Please allow me to introduce myself briefly: I'm Wietse Venema from
IBM Research, also known as the creator of the open source Postfix
mail system, co-author of the Coroner's toolkit and SATAN, and the
original author of TCP Wrapper. That doesn't mean everything I touch
becomes gold; if it did then I'd be a very rich man now :-)

This is a proposal to add basic Perl/Ruby like tainting support to
PHP: an option that is turned off by default, and that programmers
may turn on at runtime to alert them when they make the common
mistake of using uncleansed input with include, echo, system, open,
etc.  This would work with unmodified third-party extensions.

Taint support is first of all an education tool. When an alert is
raised that data needs cleansing, the programmer needs to make a
conscious decision. It's their job to choose the right method.  I'll
discuss below why I think PHP shouldn't make the decision for them.

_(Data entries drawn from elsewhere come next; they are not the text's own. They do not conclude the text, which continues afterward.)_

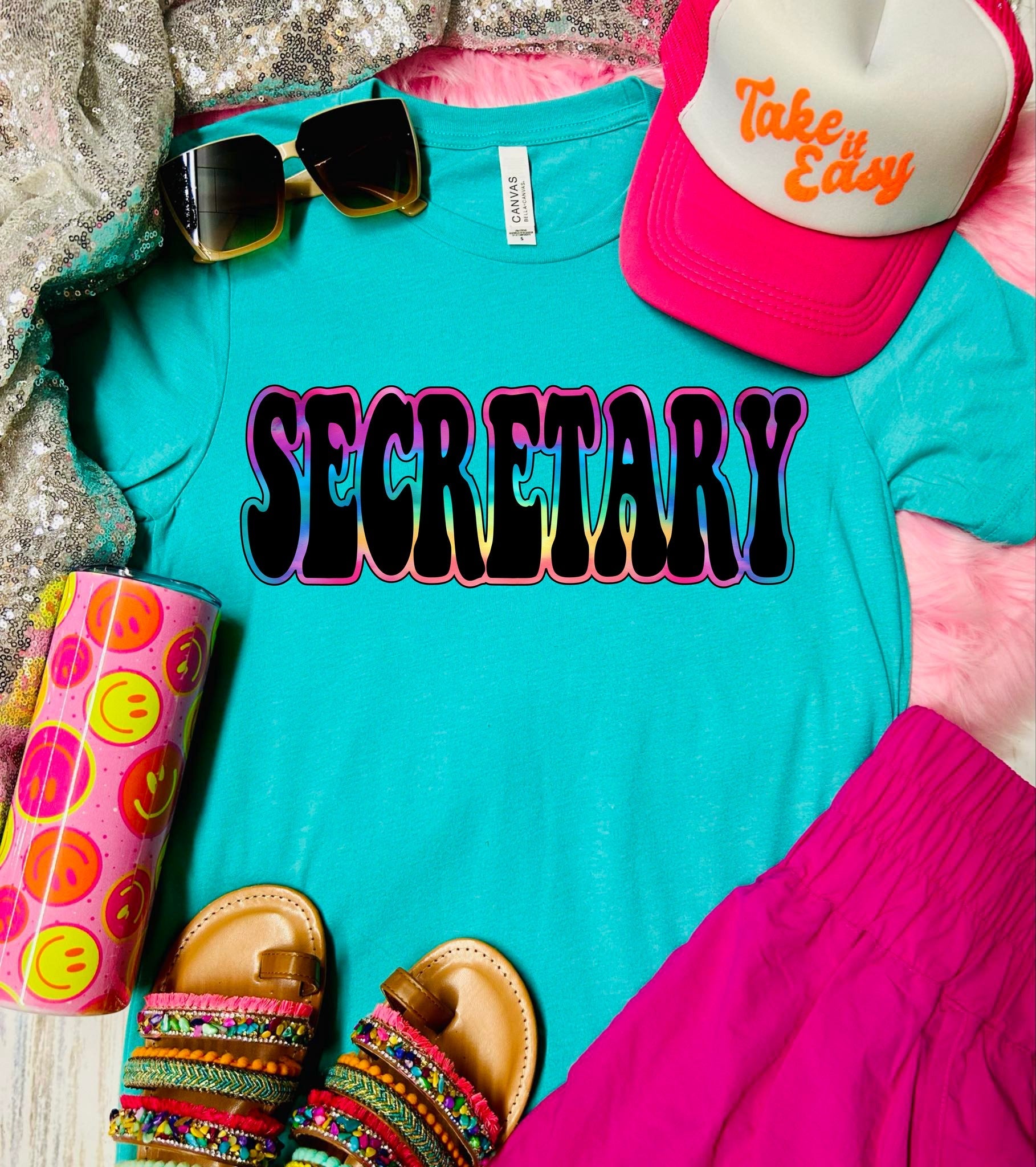 *DTF CUSTOM* Tie Dye Name Seafoam Tee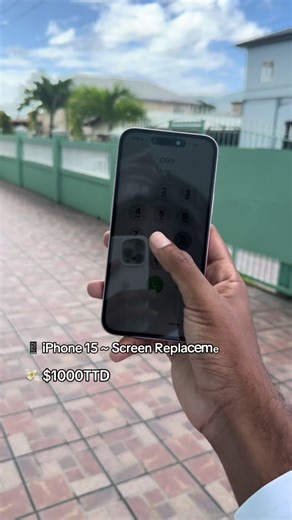 🔧 iPhone 15 Screen Replacement 💰 $1,000 TTD ✅ Clear display & smooth touch ✅ Professional installation 📱 Get your device looking brand new again 📩 DM to book your repair #ATechTT #iPhone15Repair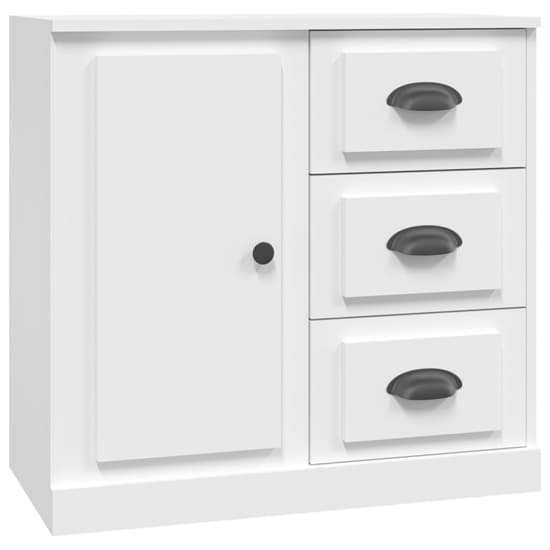 Elias Wooden Sideboard With 1 Door 9 Drawers In White_4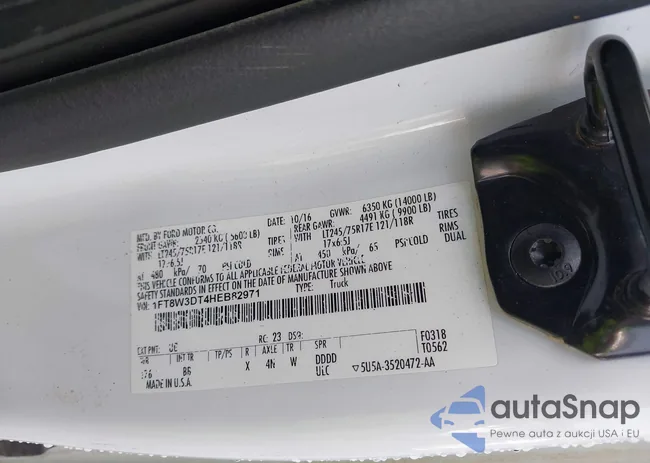 1FT8W3DT4HEB82971: 43760963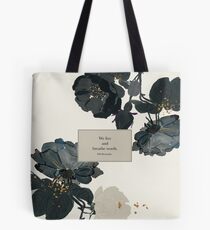 We live and breathe words. - Will Herondale. The Infernal Devices. Tote Bag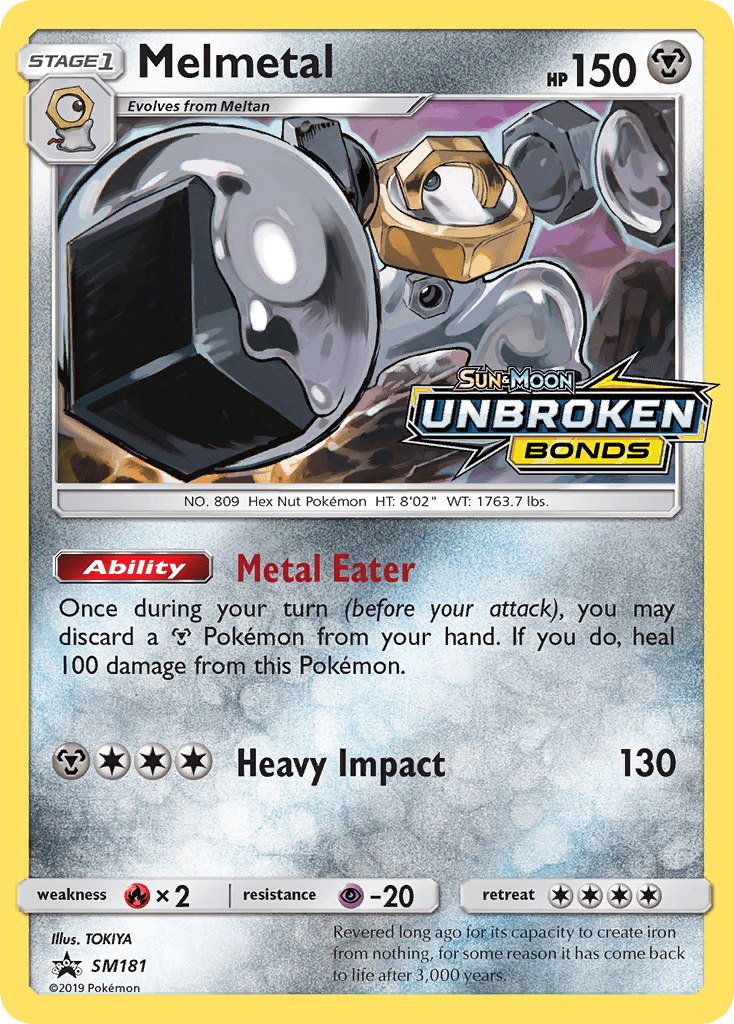 Carta Pokémon Melmetal SM181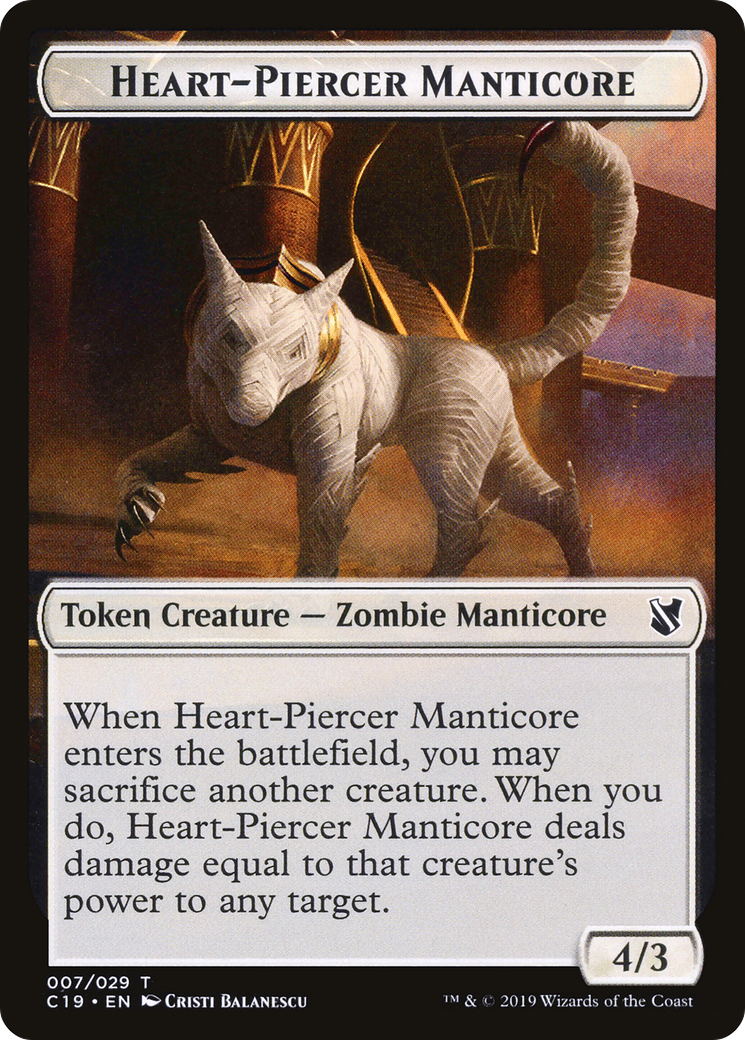 Heart-Piercer Manticore (TC19-007) [Tokens] Commander 2019 Tokens MTG Single Wizards of the Coast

Taint support is not a sandbox; a malicious PHP script can still
open a pipe to a shell process and feed uncleansed commands to it.
Taint support can be an ingredient to build a sandbox, but that
involves lots more. See for example the Ruby reference at the end.

Of course when overhead is low enough, people might want to turn
on taint checks in production, to implement a multi-layer defense.
Wise people know that no single layer provides perfect protection.
People already do this with other scripting languages.

Last month I did a proof of concept implementation to raise an alert
when raw network data is passed to a few PHP primitives (echo/print,
system/exec, eval/include, open stream, and manipulate file/directory).

If this proposal survives review, then I could spend a chunk of
time in 2007 working out more details and doing a full production
quality implementation.

Before I discuss my taint proposal details I first want to explain
why I see problems with other approaches.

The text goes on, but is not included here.